--- Given data ---

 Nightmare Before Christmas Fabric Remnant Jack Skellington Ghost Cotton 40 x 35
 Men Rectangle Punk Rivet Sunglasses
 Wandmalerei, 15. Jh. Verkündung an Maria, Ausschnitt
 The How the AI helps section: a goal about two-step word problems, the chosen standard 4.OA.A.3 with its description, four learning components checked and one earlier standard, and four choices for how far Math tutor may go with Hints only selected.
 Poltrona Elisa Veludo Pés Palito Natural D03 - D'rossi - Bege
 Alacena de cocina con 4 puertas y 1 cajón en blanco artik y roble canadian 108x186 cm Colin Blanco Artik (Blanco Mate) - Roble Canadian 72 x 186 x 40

---
--- Given data ---

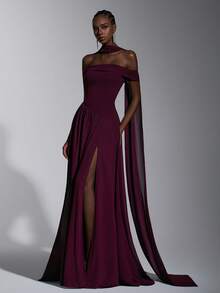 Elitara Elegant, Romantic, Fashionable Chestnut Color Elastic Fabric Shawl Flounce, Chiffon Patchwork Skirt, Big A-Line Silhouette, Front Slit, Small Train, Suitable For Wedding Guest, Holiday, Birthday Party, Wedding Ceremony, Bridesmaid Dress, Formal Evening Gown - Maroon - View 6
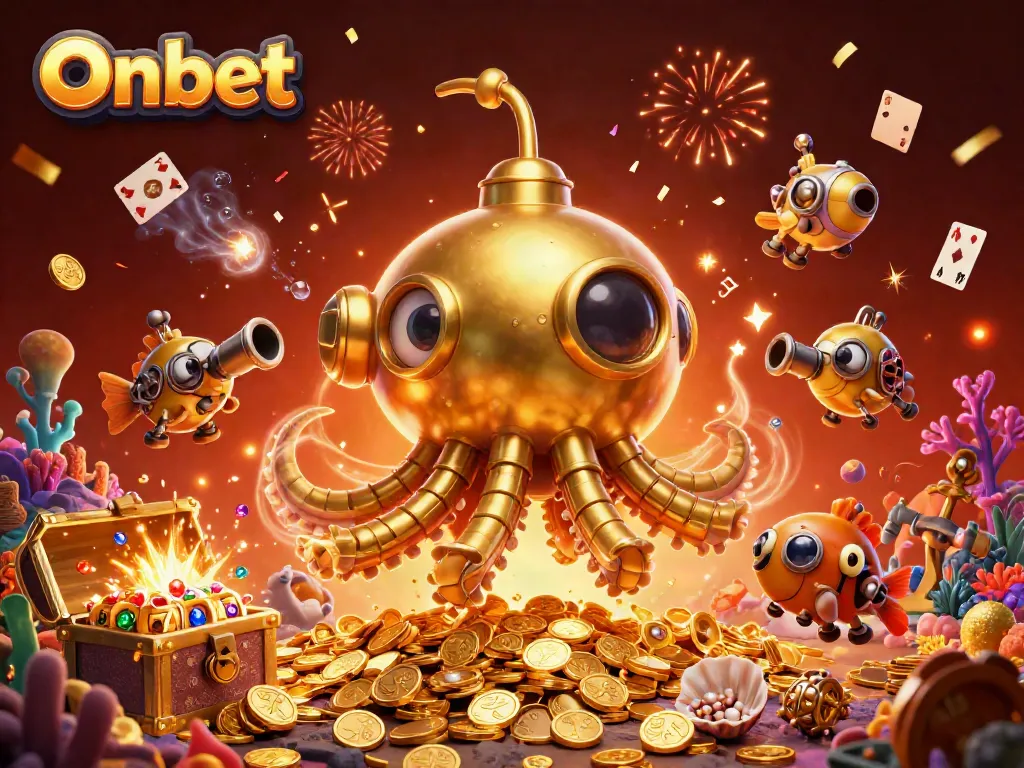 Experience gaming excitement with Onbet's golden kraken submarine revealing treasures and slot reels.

---

*Your instructions*
As listed above, the lines from the line with "The How the" to the line with "Poltrona Elisa Veludo" are to be echoed exactly, with both ends included and nothing added.

*Answer for the task*
 The How the AI helps section: a goal about two-step word problems, the chosen standard 4.OA.A.3 with its description, four learning components checked and one earlier standard, and four choices for how far Math tutor may go with Hints only selected.
 Poltrona Elisa Veludo Pés Palito Natural D03 - D'rossi - Bege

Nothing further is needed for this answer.